Of course the life and work of a revolutionary like Luxemburg will mean different things to different people. For the academic mind at its lowest level it will represent thesis fodder of a particularly rich variety. For the professional anti-Communist, careful selection can provide evidence for the impossibility of revolutionary success and if, by chance, the revolution does succeed prove that it’s awful anyway. For the religious Marxist it provides a useful additional banker in the permutation of Marx, Engels, Lenin and Trotsky, when they make their genuflection. For the revolutionary Marxist, Luxemburg provides an object lesson in the application of the Marxist method to a particular time and place and of an uncompromising revolutionary position regardless of consequence. In this lies her heritage; a heritage of which she would have been justly proud.
For further, more objective, reading on Luxemburg:
http://www.whatnextjournal.co.uk/Pages/Back/Wnext7/Thalheim.html
http://www.marxists.org/archive/cliff/works/1959/rosalux/index.htm
Die Neue Zeit
26th August 2012, 21:03
When was that article written, and was it by the same Jimmie Higgins of this board?
MarxSchmarx
4th September 2012, 07:09
When was that article written, and was it by the same Jimmie Higgins of this board?
It is from "winter 1966/67"
http://www.marxists.org/archive/higgins/1966/xx/luxlen.htm
According to the marxist internet archive:
Born into a working-class family in Harrow, Jim Higgins joined the Young Communist League at 14 and left school at 16. Two years later he was apprenticed to the Post Office as a telecommunications engineer. After National Service in the early 1950s, he became active in both the Communist Party and the Post Office Engineering Union. He broke with the CP in 1956 following Khrushchev’s “secret speech” and the Soviet invasion of Hungary. Higgins read Trotsky voraciously, and joined a small group – Socialist Labour League – and then the Socialist Review Group which became the International Socialists.

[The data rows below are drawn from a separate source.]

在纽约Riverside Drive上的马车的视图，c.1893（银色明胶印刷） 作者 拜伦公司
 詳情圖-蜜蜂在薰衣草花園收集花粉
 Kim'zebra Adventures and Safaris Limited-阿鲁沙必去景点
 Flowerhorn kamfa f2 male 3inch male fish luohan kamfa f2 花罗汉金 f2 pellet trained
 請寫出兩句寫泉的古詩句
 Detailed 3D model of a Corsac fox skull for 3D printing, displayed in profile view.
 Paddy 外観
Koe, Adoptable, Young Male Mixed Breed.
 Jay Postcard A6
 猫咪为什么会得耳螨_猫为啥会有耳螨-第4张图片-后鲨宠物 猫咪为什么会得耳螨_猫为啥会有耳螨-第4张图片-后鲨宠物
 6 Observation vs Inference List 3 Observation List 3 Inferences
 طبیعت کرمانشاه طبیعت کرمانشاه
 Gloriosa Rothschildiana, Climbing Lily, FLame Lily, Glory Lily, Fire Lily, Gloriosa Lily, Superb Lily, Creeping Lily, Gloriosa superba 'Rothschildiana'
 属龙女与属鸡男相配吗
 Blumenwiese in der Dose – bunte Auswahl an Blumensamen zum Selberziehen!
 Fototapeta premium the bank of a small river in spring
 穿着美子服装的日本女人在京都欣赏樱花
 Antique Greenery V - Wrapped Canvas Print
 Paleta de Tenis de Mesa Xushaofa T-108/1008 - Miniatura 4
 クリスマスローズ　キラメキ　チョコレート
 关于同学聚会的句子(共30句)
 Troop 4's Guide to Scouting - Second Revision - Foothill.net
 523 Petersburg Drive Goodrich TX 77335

By the 1960s he was a POEU branch secretary and was elected to the union’s national executive, but he gave up his union work to become IS’s full-time national secretary in the early 1970s. IS grew rapidly in the later 1960s and early 70s but in a burst of internal quarrels in the period 1973-76 he was forced out of the organisation and then built a new life as a journalist. He remained active as a writer and speaker at left wing meetings up until his death.